Stored entries
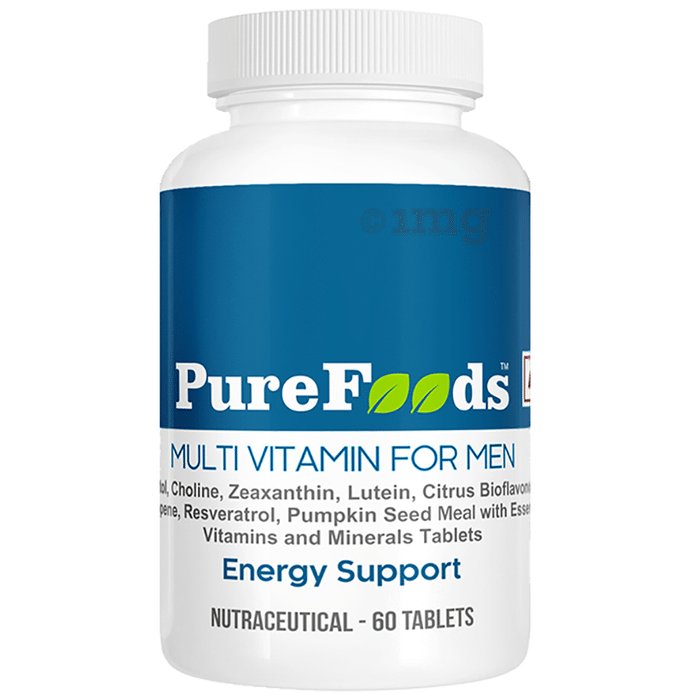 PureFoods Multi Vitamin for Men Tablet Gluten Free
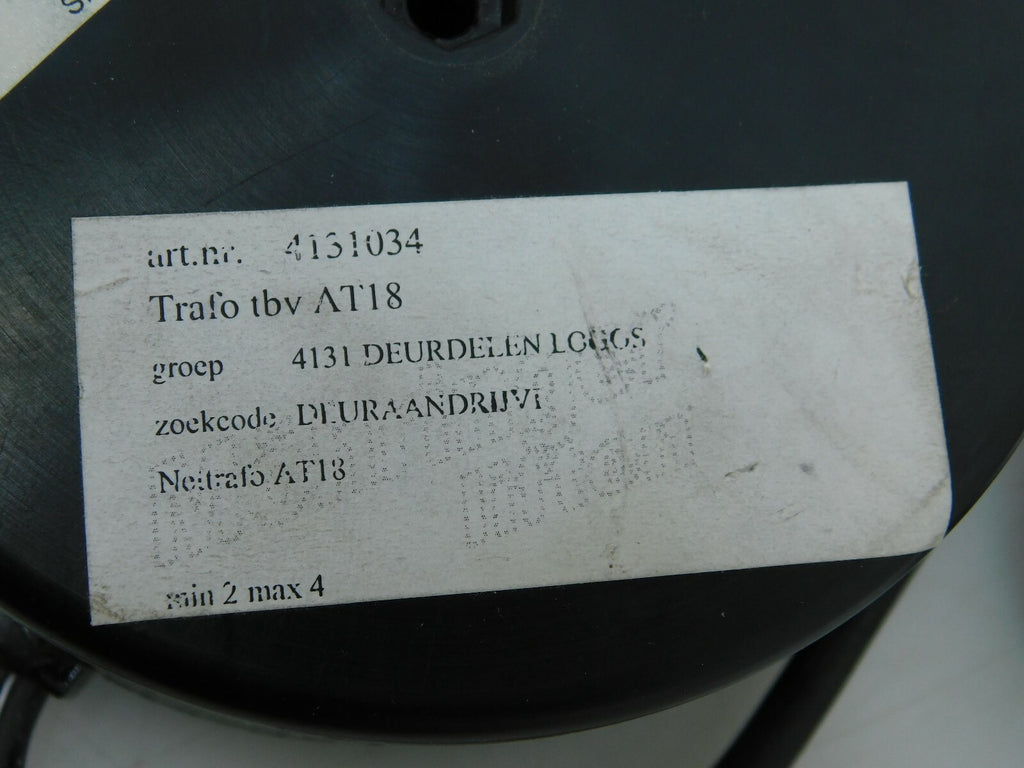 Siemens/Noratel AT18 Trafo IP54 ta55/B Transf.No. TI-044301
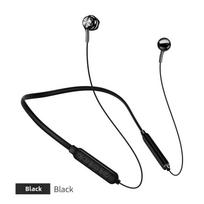 Bluetooth ausinės ant kaklo sportinės belaidės itin ilgo veikimo magnetinės su triukšmo mažinimu kaklo ausinės juoda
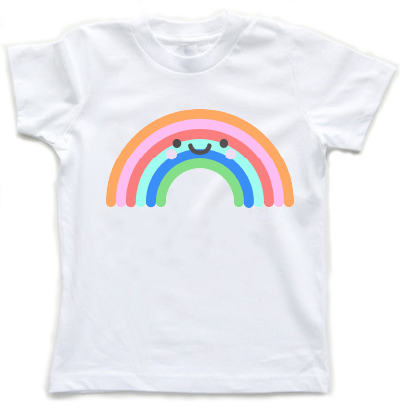 Kawaii Rainbow Kids T-Shirt - little cutees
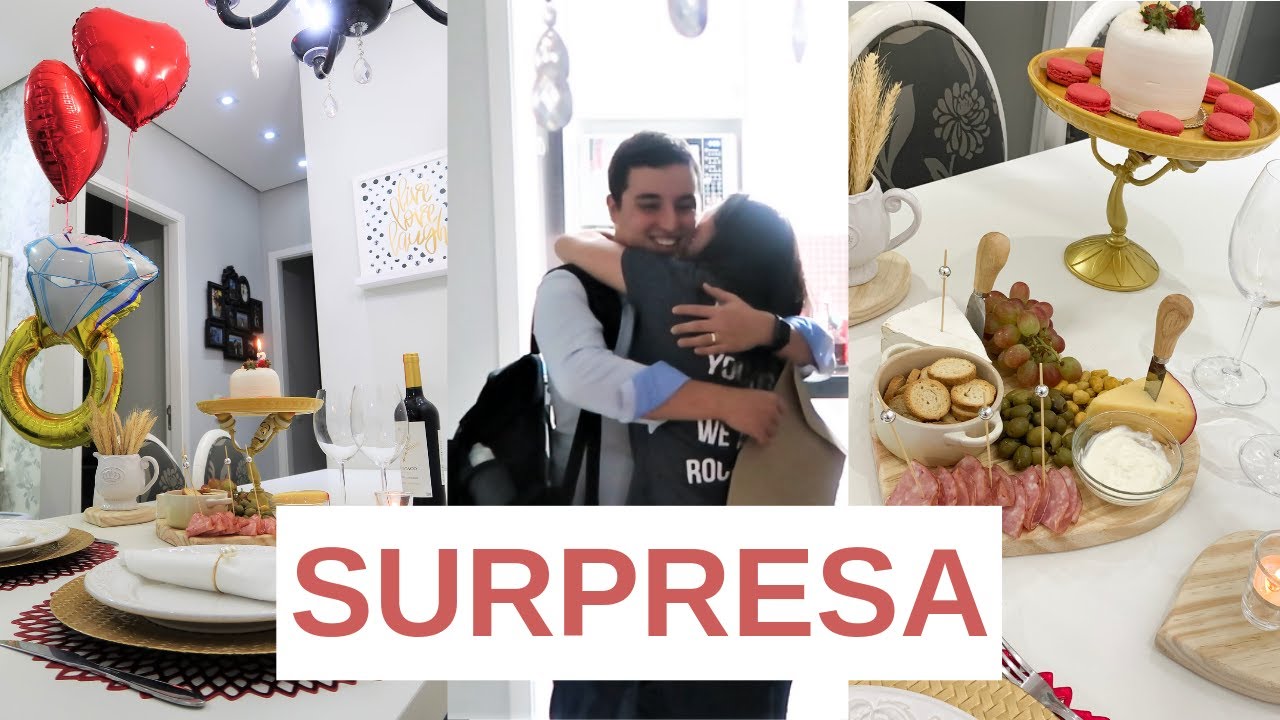 JANTAR SURPRESA PARA O MARIDO - ANIVERSÁRIO DE CASAMENTO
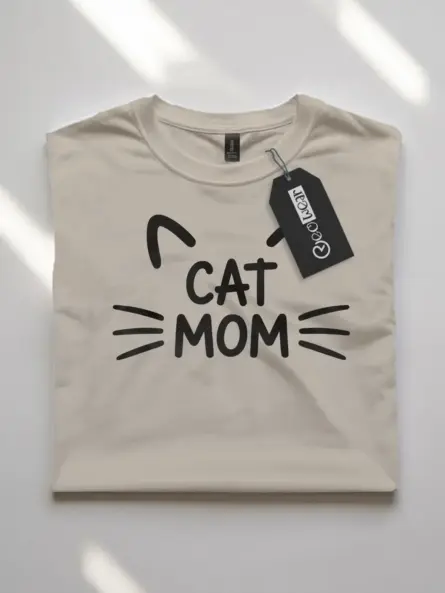 Minimalist Cat Mom T-Shirt – Cute Gift for Pet Lovers & Moms - Image 7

Task requirements:
What is needed is an exact copy of only the lines from the line containing "Bluetooth ausinės ant" through the last line of the entries, inclusive, without the pictures.

Response:
 Bluetooth ausinės ant kaklo sportinės belaidės itin ilgo veikimo magnetinės su triukšmo mažinimu kaklo ausinės juoda
 Kawaii Rainbow Kids T-Shirt - little cutees
 JANTAR SURPRESA PARA O MARIDO - ANIVERSÁRIO DE CASAMENTO
 Minimalist Cat Mom T-Shirt – Cute Gift for Pet Lovers & Moms - Image 7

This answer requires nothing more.